The packages, themselves, are detained overnight. The store reserves the right to make an inspection of them. Such inspection, even when it is made, rarely ever shows the package to be illicit. It merely is carelessness. And the thoughtless worker to whom it is returned in the morning is merely asked not to be careless again, but to make a full and co-operative use of the facilities which are provided for the comfort, and the protection, of him and his fellows; which generally is all that is necessary to be said.
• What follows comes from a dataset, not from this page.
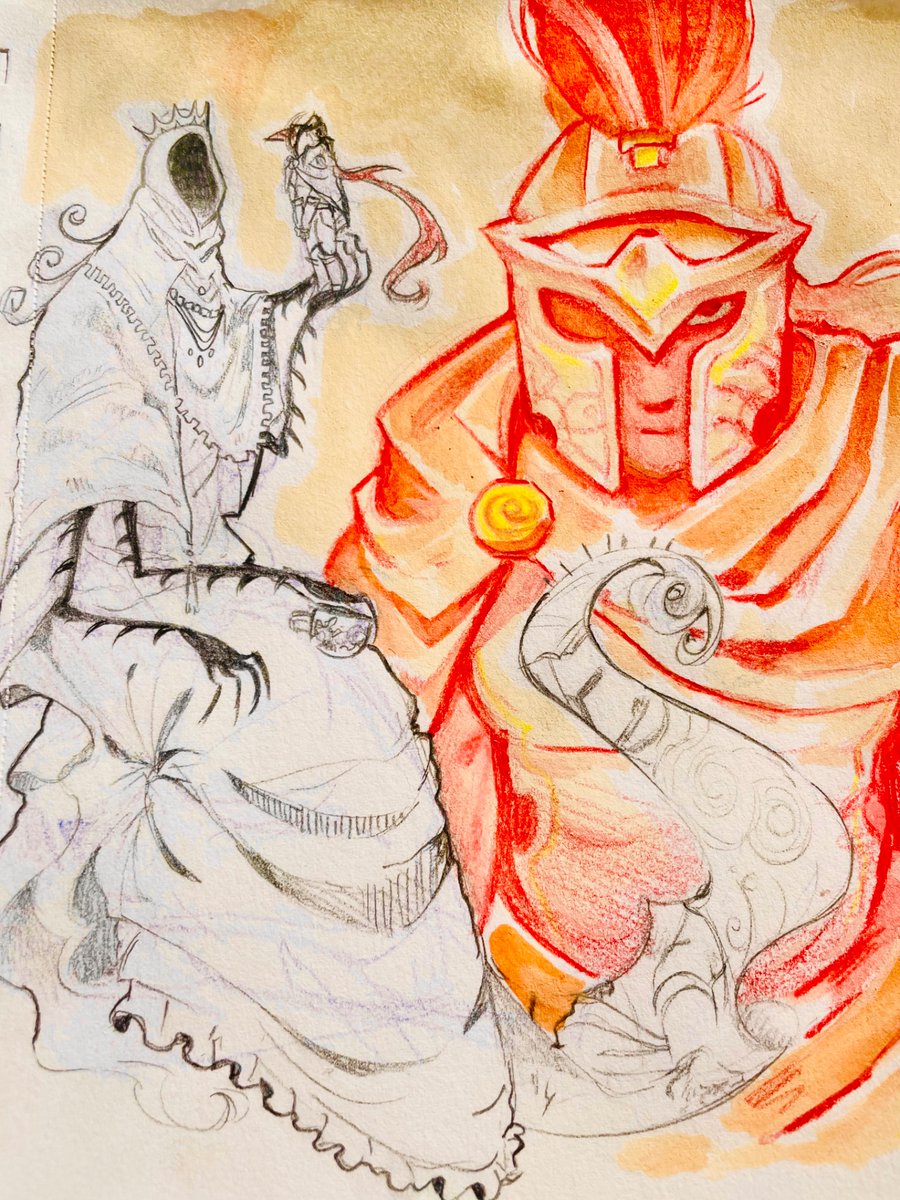 its trad art so watch this flop #d3rlord3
By six the store is practically emptied of its workers. After that hour any one leaving it must have a pass and be interviewed by the night superintendent at the single door left open for exit. Night work in the Macy store is little and far between these days—save possibly in the Christmas season and even then it is held at a minimum; an astonishing minimum when one comes to compare it with the Christmas seasons of, say, a mere twenty years ago. The state law says that aside from that fortnight of holiday turmoil, the women workers of the store, who are considerably in the majority, shall not work more than fifty-four hours or oftener than one night a week and then not later than nine o'clock. In turn, the store, following the workings of the statute, designates Thursday as its late employment night. If, because of some emergency, it wishes to deviate from this, it must have a special permit.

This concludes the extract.